The (first) Manafort sentencing

By Frank Bowman

Yesterday, former Trump campaign manager Paul Manafort was sentenced to 47 months in prison by Judge T.S. Ellis III of the U.S. District Court in Alexandria, Virginia, for tax and bank fraud. A fair number of folks were surprised (and some disappointed) by the fact that the sentence was so far below the range of 235-293 months (roughly 19 – 24 years) recommended by the advisory Federal Sentencing Guidelines.

As someone who had a hand in shaping earlier versions of the white collar sentencing guidelines, and who has both prosecuted and defended federal white collar offenders, I have four observations about the Manafort sentence.

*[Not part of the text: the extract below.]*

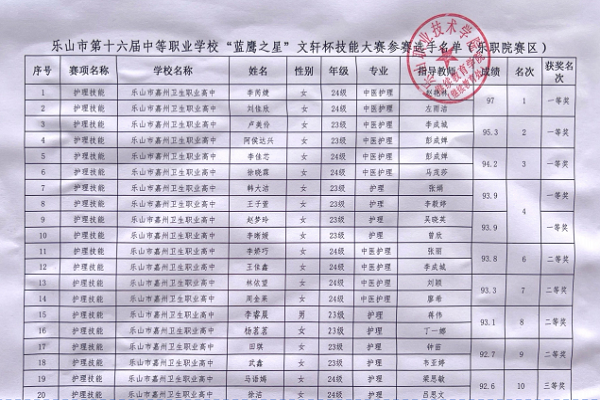 ɽְҵѧɽеʮеְҵѧУ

First, no one should be surprised that Manafort didn’t receive a sentence in the guideline range. From the advent of the Guidelines in 1987 through roughly 2003, the provisions governing high-end white collar crime underwent a steady mutation toward unyielding severity. In the beginning, they were a notable improvement over the often shockingly lenient sentences generally imposed in the previously unguided discretion of federal judges. The most common white collar sentence before the Guidelines, even for quite serious crimes, was probation. The original guidelines insisted that those who committed serious economic crimes should go to prison, albeit for relatively short periods — a few years perhaps.

However, in the years that followed, the U.S. Sentencing Commission, sometimes at the behest of Congress, sometimes responding to judges, and sometimes on its own initiative, steadily and inexorably increased the severity of white collar guideline sentences. This process climaxed from 2001 – 2003 when the Commission performed a major overhaul of the economic crime guidelines, which was followed by congressional directives issued in the wake of the Enron-era scandals that white collar sentences should be raised even higher.

The result was a set of white collar guidelines that recommends multi-decade sentences for virtually all defendants convicted of frauds involving large dollar amounts. The guideline sentencing levels for the most serious such cases are now so astronomically high that no one (including the Sentencing Commission itself) seriously contends that that they represent rational guidance for sentencing judges.

Once the Supreme Court transformed the Guidelines from a mandatory to an advisory system in the 2005 Booker case, most judges, who were already resistant to the guideline recommendations in high-loss cases, began to ignore them except in extraordinary instances. Accordingly, few knowledgeable observers expected Judge Ellis to give Manafort 20 years or anything approaching that figure.

Second, 47 months nonetheless seems low to me. In justifying his sentence, Judge Ellis alluded to the fact that other defendants convicted of the same kinds of crime – tax evasion and fraud – have often gotten sentences in the range he imposed on Manafort. He’s not wrong about that. But where he seems markedly off base is in impliedly comparing Manafort to a defendant convicted of a single (even if highly lucrative) scheme, and then adding the gloss that Manafort has lived “an otherwise blameless life.”

As the world knows, Manafort’s life has been so far from blameless as to leave some doubt that the judge was referring to the man in front of him. Manafort is a conscienceless grifter who grew rich by burnishing the public images of the most rancid assortment of thugs, demagogues, and dictators on the planet. His career has been one long outrage against honesty, fair dealing, and commitment to democratic values.

Those are factors a judge is entitled to consider when imposing a sentence. That Judge Ellis either didn’t see the obvious or chose to ignore it is cause for dismay. But the eccentricities of judges in their sentencing role is, in the end, simply part of the price we pay for the benefits of a life-tenured federal judiciary.

Third, it is at least possible that Judge Ellis was being strategic. He knew that Manafort is facing a second sentencing before Judge Amy Berman Jackson next week. He may have thought Manafort deserved more than 47 months, but did not want him to receive too much more than the maximum of ten years he faces in the second case. By keeping his own sentence low, Ellis gave Judge Jackson room to impose additional punishment, but also effectively capped the aggregate of the two sentences at just shy of fourteen years (47 months plus a possible ten years consecutive).

Finally, although it seems counterintuitive, by holding Manafort’s sentence down, Judge Ellis may have increased the odds that Manafort will have to serve it. A huge sentence of the order of magnitude suggested by the guidelines, particularly if supplemented with consecutive time from Judge Jackson, would allow President Trump to invoke the near-universal criticisms of the over-harshness of the white collar guidelines as a justification for pardoning Manafort. As matters stand, that would be a hard sell.